Pelo direito de ler livros infanto-juvenis
Sempre fui rata de biblioteca, devorando livros como outros devoram balas ou chocolates (ok, também sempre adorei devorar balas e chocolates, mas isso é só um detalhe). Amo boas histórias, independentemente de elas serem consideradas clássicas ou não, de serem reconhecidas pela crítica ou não. Sou daquelas pessoas que, nas livrarias, gostam de explorar as prateleiras, lendo orelhas e contracapas, para só depois de muito tempo decidir o que vai levar - e normalmente saio com os braços cheios, incluindo-se ali por vezes autores consagrados, por vezes alguns dos quais eu nunca antes ouvira falar.

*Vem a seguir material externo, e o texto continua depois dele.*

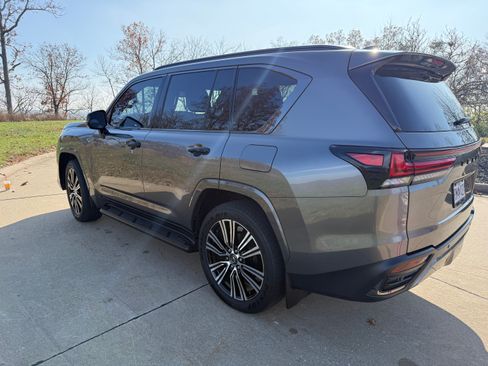 Used 2025 Lexus LX 600 4WD w/ Appearance Package image 6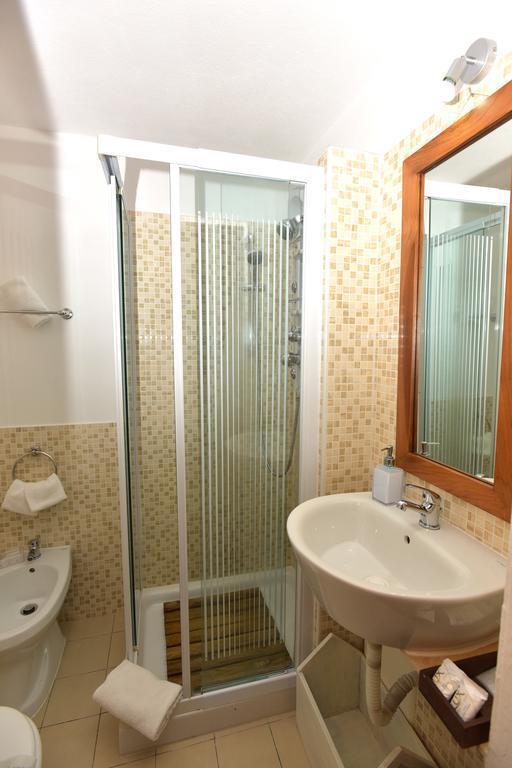 Bed & Breakfast Yin & Yang San Pantaleo Exterior foto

Isso tudo, no entanto, é só um preâmbulo - ou nariz de cera, como dizemos em linguagem jornalística - para dizer que, no tocante à leitura, não tenho preconceitos. Não me envergonho nem um pouquinho de dizer que, na adolescência, li Paulo Coelho e Sidney Sheldon. Mas também li Machado de Assis e Umberto Eco, entre centenas de outros. Ainda no ensino fundamental, alternava a leitura de séries juvenis, geralmente de mistério, com clássicos da literatura brasileira, e não via nenhum problema com esse arranjo.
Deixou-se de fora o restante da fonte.